The Scottish Book Trust has published its list of the top ten uplifting books, as voted for by Scottish readers, in an attempt to chase away the January blues.

The poll features some much-loved children’s ­favourites including The Railway Children and Roald Dahl’s Matilda, which topped the list, as well as adult reads including two Jane Austen novels, Charles Dickens’ A Christmas Carol, and The Shipping News by Annie Proulx, the most contemporary of the books included.

The list was chosen by visitors to the Scottish Book Trust’s website and is designed to combat tomorrow’s Blue Monday – named the most depressing day of the year – by allowing readers to pick the books they felt had the most uplifting endings.

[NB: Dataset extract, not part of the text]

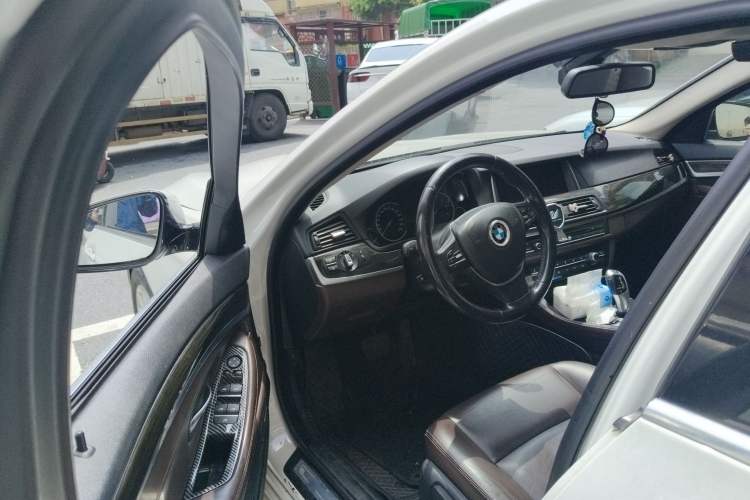 Used BMW 5 Series 2014 525Li Luxury Design Package Driver Seat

One reader, Lydia Syson, who voted for The Railway Children, said: “The great thing about the happy ending of The Railway Children is that it gets better every time you read it. The poignancy of that scream of “Oh! My Daddy, my Daddy!” only intensifies when you’ve been let into the secret and you know what’s coming.

“I’m reading the book to my two youngest children right now, my voice cracking with virtually every chapter. I can’t wait to reach the final scenes with them.”

Marc Lambert, chief executive of the Scottish Book Trust, said that curling up with a good book could be an excellent way to chase off the January blues: “A novel is a powerful way to raise your spirits. A good novel is a totally engaging experience which lifts us out of the ­everyday, and there is considerable evidence that enjoying a book is good for our well-being and state of mind.”

The date for “the most depressing day of the year” was identified by Cliff Arnall, formerly of Cardiff University, using a mathematical formula. The formula calculates that Monday, 21 January, will be the worst day this year: when the Christmas glow has faded away, New Year resolutions have been broken, cold winter weather has set in and credit card bills will be landing on doormats.

Behavioural psychologist Jo Hemmings said we often turn to books for comfort, particularly ones we have read before, when we’re feeling down and depressed.

“We go to things that we know have given us pleasure in the past and will give us pleasure again. It’s that sense of escapism but also a knowledge that you’ve been there before,” she said.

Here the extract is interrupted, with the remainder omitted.